🤖 AI Summary
This work addresses the high token consumption and associated costs of chain-of-thought reasoning in large language models, where existing optimizations often compromise output quality or require complex training procedures. The authors propose Batched Contextual Reinforcement (BCR), a single-stage reinforcement learning approach that concurrently solves N problems within a shared context window, using individual problem accuracy as the reward signal to implicitly enforce a token budget constraint. BCR reveals a task-scaling law: as N increases, tokens per problem decrease monotonically while accuracy degrades significantly less than baselines. Remarkably, under standard single-problem inference, BCR yields a “free lunch” effect—improving accuracy without additional cost—and autonomously eliminates redundant metacognitive loops, avoiding optimization collapse caused by explicit length penalties. Experiments on 1.5B and 4B models show token reductions of 15.8%–62.6% while maintaining or enhancing performance across five major mathematical benchmarks.
📝 Abstract
Large Language Models employing Chain-of-Thought reasoning achieve strong performance but suffer from excessive token consumption that inflates inference costs. Existing efficiency methods such as explicit length penalties, difficulty estimators, or multi-stage curricula either degrade reasoning quality or require complex training pipelines. We introduce Batched Contextual Reinforcement, a minimalist, single-stage training paradigm that unlocks efficient reasoning through a simple structural modification: training the model to solve N problems simultaneously within a shared context window, rewarded purely by per-instance accuracy. This formulation creates an implicit token budget that yields several key findings: (1) We identify a novel task-scaling law: as the number of concurrent problems N increases during inference, per-problem token usage decreases monotonically while accuracy degrades far more gracefully than baselines, establishing N as a controllable throughput dimension. (2) BCR challenges the traditional accuracy-efficiency trade-off by demonstrating a "free lunch" phenomenon at standard single-problem inference.
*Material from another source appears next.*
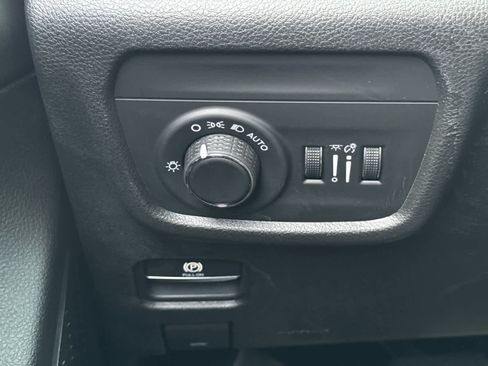 Used 2021 Jeep Grand Cherokee L Laredo w/ Luxury Tech Group I image 22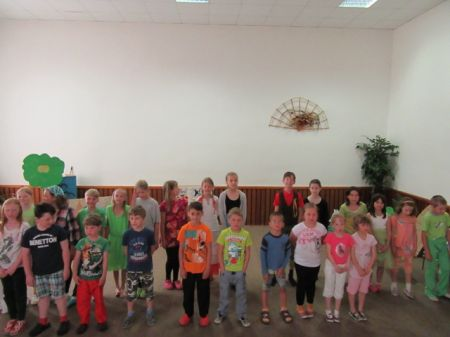 Červen Těšíme se na cyklostezky, na výlet Stezkou korunami stromů, na přívoz přes Lipno, na snídaně a večeře milého pana majitele Rychlíka, na sportovní hry s panem ředitelem a na kamarády.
Across both 1.5B and 4B model families, BCR reduces token usage by 15.8% to 62.6% while consistently maintaining or improving accuracy across five major mathematical benchmarks. (3) Qualitative analyses reveal emergent self-regulated efficiency, where models autonomously eliminate redundant metacognitive loops without explicit length supervision. (4) Crucially, we empirically demonstrate that implicit budget constraints successfully circumvent the adversarial gradients and catastrophic optimization collapse inherent to explicit length penalties, offering a highly stable, constraint-based alternative for length control. These results prove BCR practical, showing simple structural incentives unlock latent high-density reasoning in LLMs.